Starting at the first entry below, repeat all the data word for word and drop the pictures.

◆ SUPPLIED MATERIAL:
+ + +
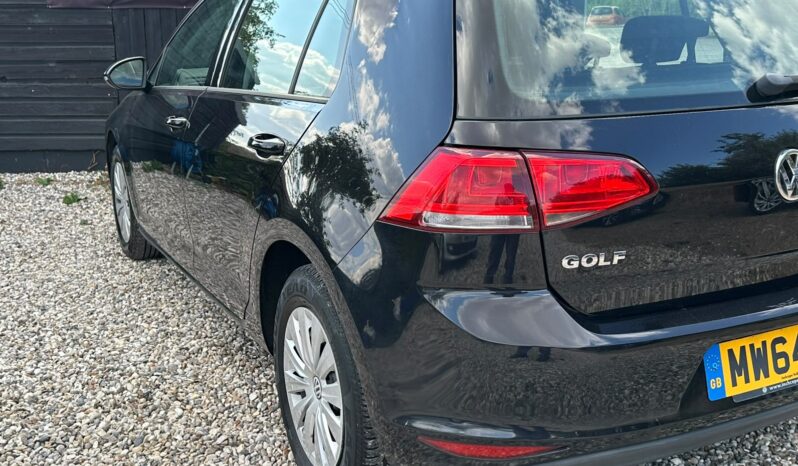 
								Volkswagen Golf 1.2 TSI BlueMotion Tech S Euro 5 (s/s) 5dr full									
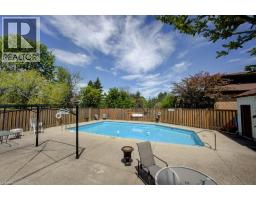 464 BEECHWOOD Place UnitNo. 3 - 33
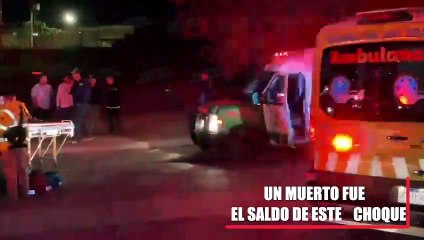 Video herunterladen: Un hombre murió y otro resultó lesionado tras chocar su Tsuru contra el muro de Periférico Nuevo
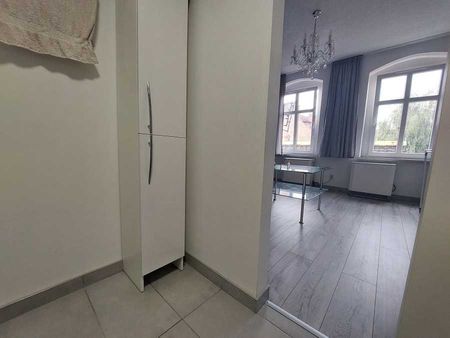 Stylowe mieszkanie po remoncie – zamieszkaj w samym sercu miasta! - Photo 2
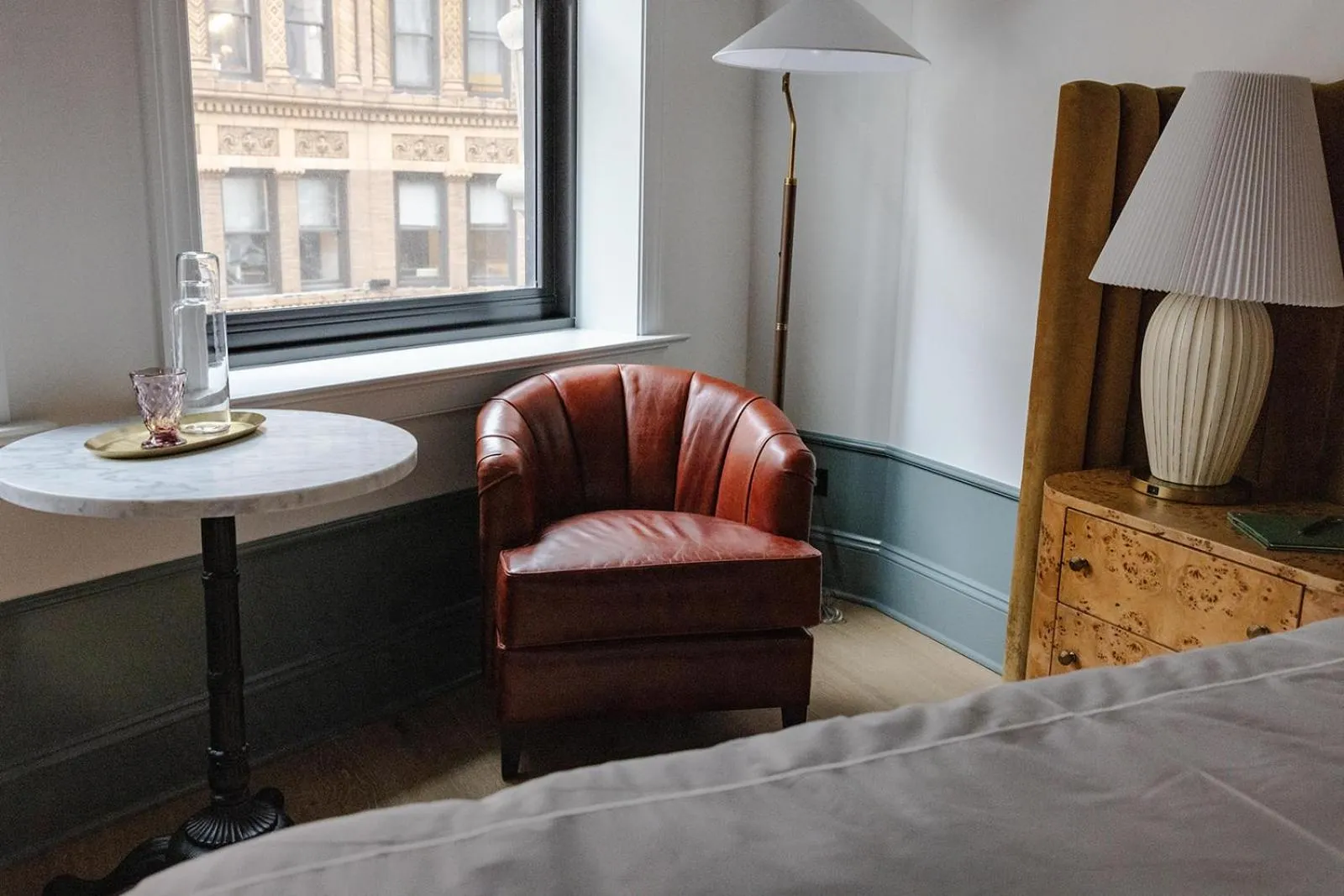 Seating area, Bed in Fidelity Hotel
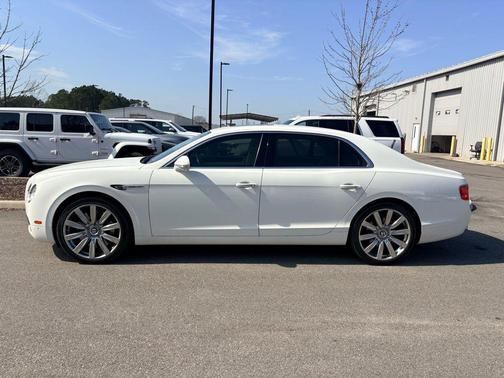 2017 Bentley Flying Spur V8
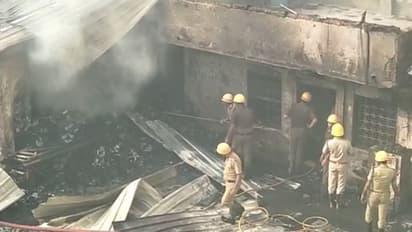 ফের কলকাতা অগ্নিকাণ্ড, তপসিয়ার ঘিঞ্জি এলাকায় জুতোর কারখানায় আগুন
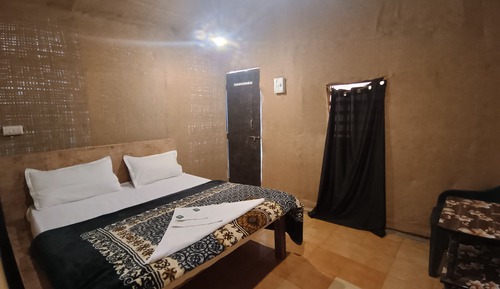 Economy Double Room, Balcony, Garden View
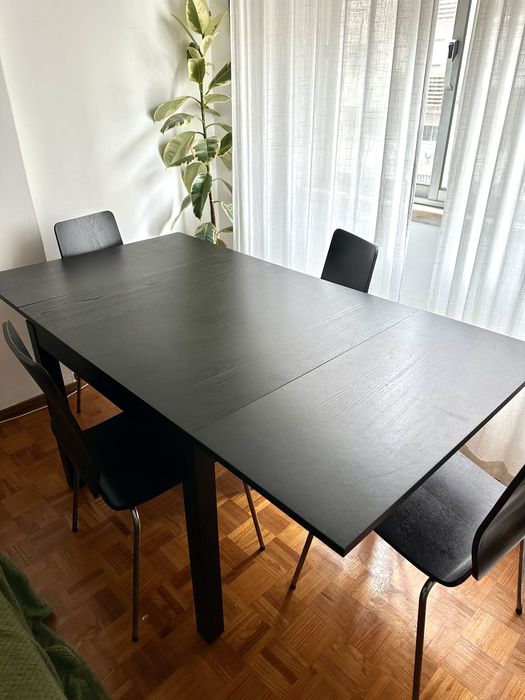 Mesa de jantar preta Extensivel + 4 cadeiras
+ + +
◆ TASK OUTPUT:
								Volkswagen Golf 1.2 TSI BlueMotion Tech S Euro 5 (s/s) 5dr full									
 464 BEECHWOOD Place UnitNo. 3 - 33
 Video herunterladen: Un hombre murió y otro resultó lesionado tras chocar su Tsuru contra el muro de Periférico Nuevo
 Stylowe mieszkanie po remoncie – zamieszkaj w samym sercu miasta! - Photo 2
 Seating area, Bed in Fidelity Hotel
 2017 Bentley Flying Spur V8
 ফের কলকাতা অগ্নিকাণ্ড, তপসিয়ার ঘিঞ্জি এলাকায় জুতোর কারখানায় আগুন
 Economy Double Room, Balcony, Garden View
 Mesa de jantar preta Extensivel + 4 cadeiras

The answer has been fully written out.